В общем, едва погасла «зажигательная» надпись – прямой эфир! – все равно, что – не влезай, убьет! – он выскочил из студии вон, столь резво, что, кажется, «бурчун» сочувственно поделился с ним мыслью вслед – наверное, живот прихватило? Даже и к Граммофону не забежал, а ведь полагался ему в тот день «серый» гонорар в конверте, вот шеф, небось, удивился! Или подумал, у бедняги после сотрясения совсем с головой – того-этого! Живот, не живот, а вот с головой угадал! Сотрясение тут, понятно, вовсе было ни при чем. А при чем – гудела голова-то: это после пива с водкой, пусть и марки «Абсолют», все равно, суть, как известно, в количестве. И вот, отстрелявшись, отбившись от эфирных атак, он «черезнемогу» поспешил на забитую стрелку, ненавидел это полублатное выражение, но тогда именно так произносил про себя, будто придавая тем самым незыблемую дисциплинарную серьезность своему намерению. Леонтий даже явился на рандеву без опоздания – вопрос, зачем? Джедай сроду никуда и никогда не приходил вовремя, – кроме места исполнения своих рабочих обязанностей ди-джея, но там была кормушка, там платили деньгу, в том числе: дабы шоу начиналось согласно заявленному расписанию. Назначена Леонтию была опять «Шоколадница», теперь которая у Поклонной горы – откуда у брутального Джедая взялось сомнительное пристрастие к слащавому, конфетному заведению для школьниц-«манга», оригинальных догадок никто не строил, может, подростковая любовь, или первое свидание, забавно, но не более. Хотя, внешнему виду Николя куда более соответствовали бы грязноватый и полутемный ирландский паб, недорогая стилизованная «под Советы» пельменная на Старом Арбате, на худой конец – сгодилась бы сетевая чайхана, но вот тянуло его в «Шоколадницу». Впрочем, и «Шоколадница» устраивала Леонтия, честно говоря, его бы устроило в тот день любое заведение, без громкой музыки и с удобными стульями, жить было тяжко, и стоять на ногах было «мягко», а тут одних сортов спасительного, не суррогатного кофе имелось с полдюжины в предложении. Опять же – ненавязчивый сервис, в его случае получалось «в жилу», очень не хотелось, чтобы кто-то постоянно и вежливо зудел над ухом: «не изволите ли чего-нибудь еще?»
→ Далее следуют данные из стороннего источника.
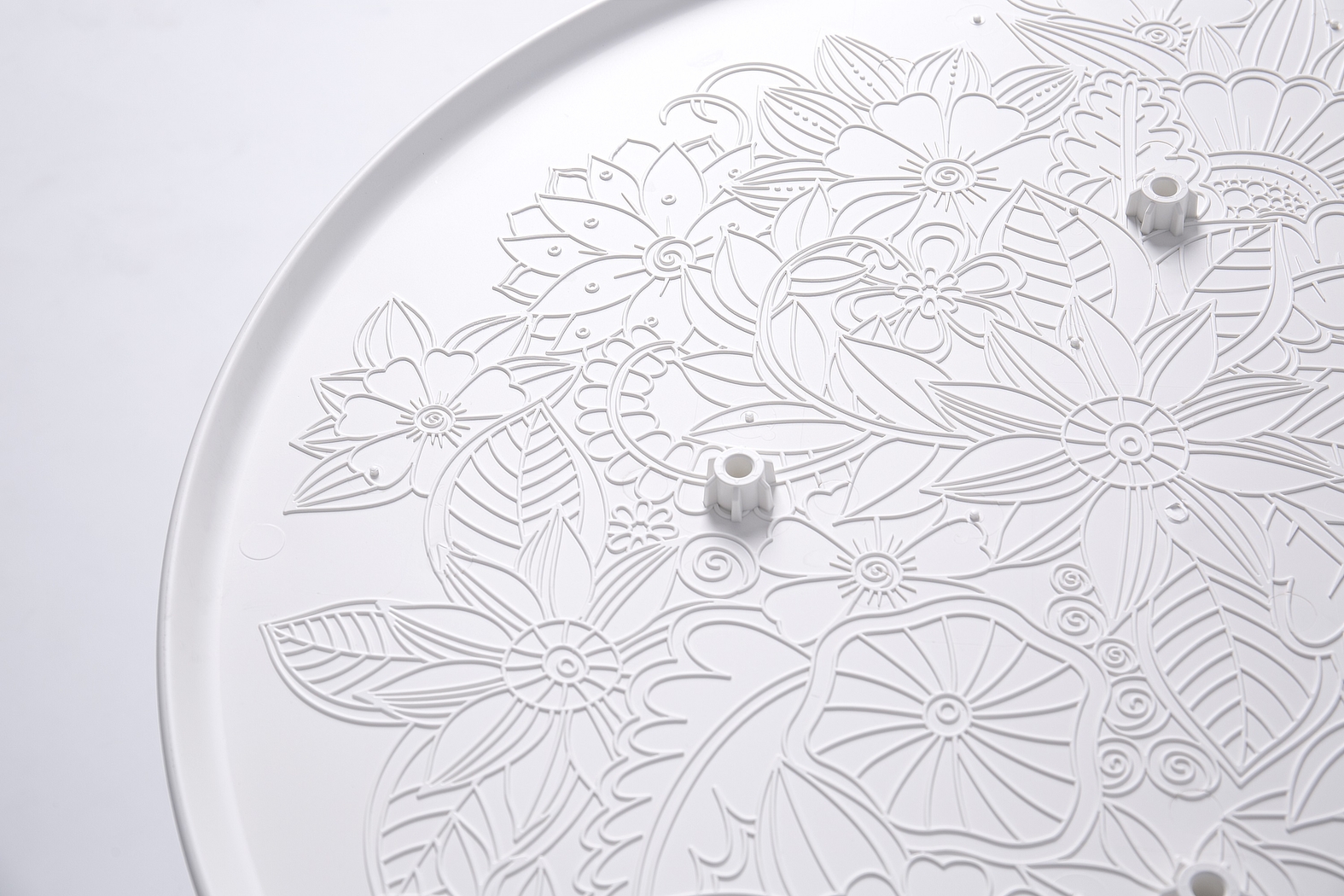 Beswick White 35 in. Round Outdoor Dining Table - Thumbnail - Image 2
Тогда-то, ожидая непунктуального Николя, он и зашел в почту, и обнаружил – вам письмо! Он даже прочел, – Джедай опаздывал на полчаса, время слегка притормозило в течении, надо было ловить момент, – пробежал по диагонали, почти не вникая в сущность текста: слишком серьезно, и о слишком тяжелых событиях шла там речь. Отметил лишь странность, в первом послании от Сциллы, менее заметную, но теперь будто бы выступившую наружу. Разность языка, как если бы разность потенциалов – сбивала с толку, одновременно создавая живое течение, направленный постоянный ток бытия, воспроизведенный как в стихийном развертывании, так и в развитии. Вообще Леонтий был знаком с подобным эффектом, и знаком не понаслышке. Часто случалось пишущему о своем детстве или отрочестве человеку, в художественной автобиографии или в постороннем жизнеописании, переходить невольно на примитивный, стилизованный образ повествования, как будто бы он снова нерадивый школьник и дворовый хулиган, или маменькин сынок и очкастый отличник, пятнадцати, десяти, пяти лет, подражая себе самому младенческому, детсадовскому, подростковому, юному. Припоминались тогда словечки, давно забытые, идиоматические обороты, известные только в подзаборном приятельском кружке, несвязные мысли и отношения, выросшие из романтического «мушкетерского» хлама, ревнивые поступки и наказуемые проступки, сильно преувеличенные в тогдашней важности своей. Еще желание ругнуться, через слово, едва преодолеваемое, потому что ругательство, особенно нецензурное – самый запретный плод, за который могут всыпать учителя и родители, если поймают с поличным, конечно. За курение тайком и то меньше влетало – Леонтию, по крайней мере. Потому что, курение – баловство, вовсе не уничтожающее истинных моральных качеств джентльмена, так себе, заблуждение насчет взрослости и крутости, а вот площадная ругань – устраняет бесповоротно интеллигентность человека как человека. Насколько мама, отчим и даже упавший папа Гусицын смогли втолковать ему.